◆ **Task prompt**: Take the material below and reproduce, word for word, only the lines from the line with "Panda & Bamboo" through the line with "CC Mary Jane Gold Cowhide And Lambskin".

◆ **Source material**:

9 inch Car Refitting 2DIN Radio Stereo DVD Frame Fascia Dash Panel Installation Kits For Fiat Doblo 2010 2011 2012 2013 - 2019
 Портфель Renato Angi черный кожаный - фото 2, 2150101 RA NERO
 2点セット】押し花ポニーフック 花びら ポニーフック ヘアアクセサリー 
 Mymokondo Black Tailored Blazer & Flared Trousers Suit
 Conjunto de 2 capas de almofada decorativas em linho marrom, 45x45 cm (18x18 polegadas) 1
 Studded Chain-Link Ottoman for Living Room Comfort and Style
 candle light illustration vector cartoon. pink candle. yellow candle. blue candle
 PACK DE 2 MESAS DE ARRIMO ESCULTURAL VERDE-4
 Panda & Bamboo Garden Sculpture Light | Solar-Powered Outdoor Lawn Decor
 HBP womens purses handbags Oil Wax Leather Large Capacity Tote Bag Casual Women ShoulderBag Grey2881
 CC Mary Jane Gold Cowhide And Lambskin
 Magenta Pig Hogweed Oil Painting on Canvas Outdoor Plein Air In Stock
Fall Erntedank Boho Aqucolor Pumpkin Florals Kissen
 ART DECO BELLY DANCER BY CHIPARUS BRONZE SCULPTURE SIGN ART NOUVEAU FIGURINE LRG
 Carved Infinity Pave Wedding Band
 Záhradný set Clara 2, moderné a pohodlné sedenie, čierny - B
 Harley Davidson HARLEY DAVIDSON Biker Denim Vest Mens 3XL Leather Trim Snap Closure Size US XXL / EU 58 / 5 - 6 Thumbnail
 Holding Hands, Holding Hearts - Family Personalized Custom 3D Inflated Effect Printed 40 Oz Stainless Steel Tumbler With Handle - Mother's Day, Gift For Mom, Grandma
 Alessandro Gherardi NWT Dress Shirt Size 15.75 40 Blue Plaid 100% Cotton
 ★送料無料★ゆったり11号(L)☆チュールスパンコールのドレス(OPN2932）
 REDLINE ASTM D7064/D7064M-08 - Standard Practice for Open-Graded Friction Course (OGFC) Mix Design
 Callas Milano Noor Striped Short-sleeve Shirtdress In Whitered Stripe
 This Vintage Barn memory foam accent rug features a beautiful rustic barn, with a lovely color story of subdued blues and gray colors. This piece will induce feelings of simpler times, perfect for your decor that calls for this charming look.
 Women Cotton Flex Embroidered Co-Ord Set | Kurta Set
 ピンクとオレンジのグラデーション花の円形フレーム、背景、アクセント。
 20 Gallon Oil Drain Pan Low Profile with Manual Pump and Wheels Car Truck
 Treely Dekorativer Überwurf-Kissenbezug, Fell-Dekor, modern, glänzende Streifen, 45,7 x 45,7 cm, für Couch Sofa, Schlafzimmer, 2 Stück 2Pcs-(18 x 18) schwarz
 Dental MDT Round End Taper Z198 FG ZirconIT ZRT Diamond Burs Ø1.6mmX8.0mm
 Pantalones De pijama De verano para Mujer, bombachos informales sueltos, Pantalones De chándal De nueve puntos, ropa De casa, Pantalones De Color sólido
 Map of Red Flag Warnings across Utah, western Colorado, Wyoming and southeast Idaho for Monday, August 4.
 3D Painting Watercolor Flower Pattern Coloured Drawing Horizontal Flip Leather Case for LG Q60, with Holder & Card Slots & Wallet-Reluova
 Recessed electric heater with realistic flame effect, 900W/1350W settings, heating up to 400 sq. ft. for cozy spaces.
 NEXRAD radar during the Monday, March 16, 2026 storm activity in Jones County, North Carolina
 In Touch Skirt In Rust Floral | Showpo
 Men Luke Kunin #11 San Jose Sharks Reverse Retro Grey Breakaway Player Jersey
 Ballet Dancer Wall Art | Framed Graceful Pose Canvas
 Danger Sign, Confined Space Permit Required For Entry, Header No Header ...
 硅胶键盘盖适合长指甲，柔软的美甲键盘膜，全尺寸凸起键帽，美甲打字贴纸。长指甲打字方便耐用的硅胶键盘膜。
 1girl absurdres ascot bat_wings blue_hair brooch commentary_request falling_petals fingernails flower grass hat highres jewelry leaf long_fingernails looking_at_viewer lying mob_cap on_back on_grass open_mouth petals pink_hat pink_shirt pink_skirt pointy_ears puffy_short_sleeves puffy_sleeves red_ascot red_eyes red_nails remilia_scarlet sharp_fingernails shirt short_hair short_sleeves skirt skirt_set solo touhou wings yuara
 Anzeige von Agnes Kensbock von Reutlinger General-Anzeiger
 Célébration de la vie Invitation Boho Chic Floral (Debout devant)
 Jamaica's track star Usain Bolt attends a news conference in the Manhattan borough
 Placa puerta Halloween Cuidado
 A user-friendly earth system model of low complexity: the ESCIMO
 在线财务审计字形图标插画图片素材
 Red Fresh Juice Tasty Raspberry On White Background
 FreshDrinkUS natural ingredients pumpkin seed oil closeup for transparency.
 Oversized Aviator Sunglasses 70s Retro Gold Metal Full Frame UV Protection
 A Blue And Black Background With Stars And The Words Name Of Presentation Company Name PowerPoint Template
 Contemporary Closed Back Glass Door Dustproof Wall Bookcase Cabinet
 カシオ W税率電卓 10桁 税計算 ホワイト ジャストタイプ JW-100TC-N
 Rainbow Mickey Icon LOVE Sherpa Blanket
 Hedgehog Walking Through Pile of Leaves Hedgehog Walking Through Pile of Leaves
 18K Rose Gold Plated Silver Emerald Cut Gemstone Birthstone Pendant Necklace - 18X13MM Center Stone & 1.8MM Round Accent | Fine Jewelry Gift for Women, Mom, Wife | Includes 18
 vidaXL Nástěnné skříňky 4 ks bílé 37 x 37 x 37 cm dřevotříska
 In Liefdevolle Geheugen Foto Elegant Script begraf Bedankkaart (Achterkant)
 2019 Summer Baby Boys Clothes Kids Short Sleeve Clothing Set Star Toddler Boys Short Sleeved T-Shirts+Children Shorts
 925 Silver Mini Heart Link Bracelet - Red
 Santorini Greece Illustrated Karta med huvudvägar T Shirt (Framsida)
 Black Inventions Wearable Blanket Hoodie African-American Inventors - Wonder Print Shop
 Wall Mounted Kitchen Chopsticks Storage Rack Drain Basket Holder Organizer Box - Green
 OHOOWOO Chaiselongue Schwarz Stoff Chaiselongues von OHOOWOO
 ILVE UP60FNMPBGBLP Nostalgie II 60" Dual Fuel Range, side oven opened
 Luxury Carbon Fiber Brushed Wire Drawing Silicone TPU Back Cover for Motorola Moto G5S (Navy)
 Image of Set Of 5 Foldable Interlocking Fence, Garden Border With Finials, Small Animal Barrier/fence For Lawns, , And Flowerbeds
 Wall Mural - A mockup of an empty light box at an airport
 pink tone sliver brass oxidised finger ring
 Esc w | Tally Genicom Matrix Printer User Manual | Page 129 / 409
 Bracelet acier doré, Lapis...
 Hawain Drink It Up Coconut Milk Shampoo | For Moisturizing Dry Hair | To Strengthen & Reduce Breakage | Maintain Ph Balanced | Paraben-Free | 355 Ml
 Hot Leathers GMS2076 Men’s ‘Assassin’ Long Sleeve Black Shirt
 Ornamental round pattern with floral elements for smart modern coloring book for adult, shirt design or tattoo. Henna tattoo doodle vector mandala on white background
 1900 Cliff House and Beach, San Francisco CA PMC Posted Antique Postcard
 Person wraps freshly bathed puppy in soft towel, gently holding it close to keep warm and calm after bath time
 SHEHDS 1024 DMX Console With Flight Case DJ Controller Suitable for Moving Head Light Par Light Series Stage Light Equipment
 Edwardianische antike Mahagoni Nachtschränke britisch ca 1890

◆ **Exercise answer**:
 Panda & Bamboo Garden Sculpture Light | Solar-Powered Outdoor Lawn Decor
 HBP womens purses handbags Oil Wax Leather Large Capacity Tote Bag Casual Women ShoulderBag Grey2881
 CC Mary Jane Gold Cowhide And Lambskin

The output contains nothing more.